Par ailleurs, le Réseau Action Climat s’inquiète de voir chez certains cimentiers le développement de projets de valorisation du carbone : le carbone contenu dans les gaz en sortie d’usine est récupéré avant d’être émis dans l’atmosphère afin de le transformer en carburants de synthèse destinés aux transports maritimes et aériens. Le carbone initialement capté dans les cimenteries est donc relâché dans l’atmosphère au moment de la combustion de ces carburants. Investir dans de telles infrastructures, aussi coûteuses pour un bilan carbone non neutre relève de la gabegie technologique et financière.

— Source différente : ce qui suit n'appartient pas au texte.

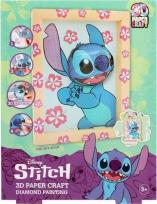 Opakowanie Origami Disney Stitch Diamond Painting 3D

Le rôle de l’État : entre arbitre et soutien

Le clinker étant un élément facilement transportable (contrairement au ciment), le secteur est fortement soumis à la concurrence d’autres producteurs établis dans des pays aux normes environnementales moins strictes. Par conséquent, il est essentiel que l’État apporte son aide aux industriels pour protéger la compétitivité du ciment français bas-carbone. 

Néanmoins, cela doit se faire à bon escient, sur des projets qui privilégient en premier lieu les solutions les moins coûteuses, basées sur l’économie circulaire et la sobriété des matériaux.La commande publique (de l’Etat, des collectivités) représente un levier d’aide efficace et indispensable : privilégier les ciments et bétons bas carbone ou à taux de recyclage élevé dans la commande publique peut inciter et soutenir les industriels à orienter leurs productions vers ce type de produits. Cette approche peut jouer un rôle significatif pour orienter les pratiques industrielles vers des produits plus respectueux de l’environnement, en alignement avec les objectifs de durabilité et de réduction des émissions de gaz à effet de serre.

Le problème de la décarbonation du ciment est régi par des contraintes techniques, économiques et réglementaires complexes que le Réseau Action Climat tente de décrypter et d’approfondir, via notamment sa participation aux commissions de normalisation du ciment et du béton ainsi qu’à des évènements tels que le « CarbonZero Global Conference and Exhibition » le 26 octobre prochain. L’occasion d’échanger avec les acteurs du ciment pour mieux comprendre les problématiques de décarbonation et les solutions en cours de développement.